A new discussion paper shows how a strike in the underground system of London could actually improve general welfare and make individuals' travel behavior more efficient. (via Tyler Cowen).
Abstract: We estimate that a significant fraction of commuters on the London underground do not travel their optimal route. Consequently, a tube strike (which forced many commuters to experiment with new routes) taught commuters about the existence of superior journeys -- bringing about lasting changes in behaviour. This effect is stronger for commuters who live in areas where the tube map is more distorted, thereby pointing towards the importance of informational imperfections. We argue that the information produced by the strike improved network-efficiency. Search costs are unlikely to explain the suboptimal behaviour. Instead, individuals seem to under-experiment in normal times, as a result of which constraints can be welfare-improving.
The researchers examined 20 days' worth of anonymised Oyster card data, containing more than 200 million data points, in order to see how individual tube journeys changed during the London tube strike in February 2014.

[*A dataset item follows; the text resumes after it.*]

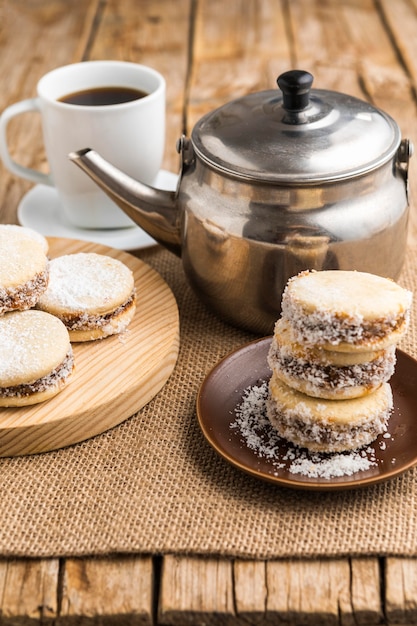 Zdjęcie koncepcja pyszne ciasteczka alfajores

Here is a very interesting point to emphasize and that I'm sure cartographers will like: "The London tube map itself may have been a reason why many commuters did not find their optimal journey before the strike. In many parts of London, the actual distances between stations are distorted on the iconic map. ... the researchers found that those commuters living in, or travelling to, parts of London where distortion is greatest were more likely to have learned from the strike and found a more efficient route."